- Problem to solve
Copy every line of the records exactly, without including the images.

Start of The data

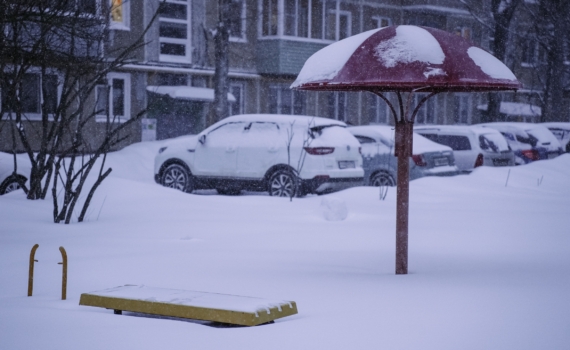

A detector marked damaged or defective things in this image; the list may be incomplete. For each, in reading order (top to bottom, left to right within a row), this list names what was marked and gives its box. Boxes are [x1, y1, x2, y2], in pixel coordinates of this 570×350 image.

rusty metal pole [392, 120, 410, 276]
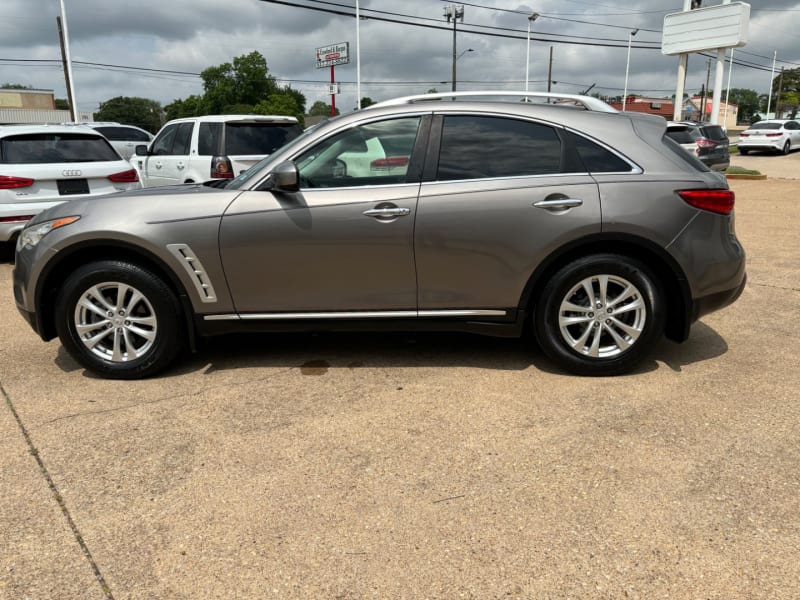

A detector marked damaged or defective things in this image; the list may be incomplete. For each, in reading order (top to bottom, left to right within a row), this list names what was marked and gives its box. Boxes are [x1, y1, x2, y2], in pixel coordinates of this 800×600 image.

pavement crack [1, 384, 115, 600]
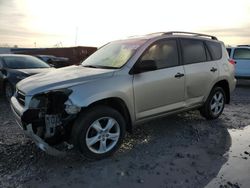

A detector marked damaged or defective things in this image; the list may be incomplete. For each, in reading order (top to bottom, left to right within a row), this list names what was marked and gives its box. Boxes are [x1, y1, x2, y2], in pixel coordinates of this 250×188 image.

damaged front end [18, 89, 80, 155]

End of The data

- Solved problem
A detector marked damaged or defective things in this image; the list may be incomplete. For each, in reading order (top to bottom, left to right within a row), this list names what was marked and gives its box. Boxes are [x1, y1, x2, y2], in pixel coordinates of this 570×350 image.

rusty metal pole [392, 120, 410, 276]

A detector marked damaged or defective things in this image; the list may be incomplete. For each, in reading order (top to bottom, left to right within a row), this list names what was marked and gives its box. Boxes are [x1, y1, x2, y2], in pixel coordinates of this 800×600 image.

pavement crack [1, 384, 115, 600]

A detector marked damaged or defective things in this image; the list may be incomplete. For each, in reading order (top to bottom, left to right within a row), this list names what was marked and gives its box. Boxes are [x1, y1, x2, y2], in pixel coordinates of this 250×188 image.

damaged front end [18, 89, 80, 155]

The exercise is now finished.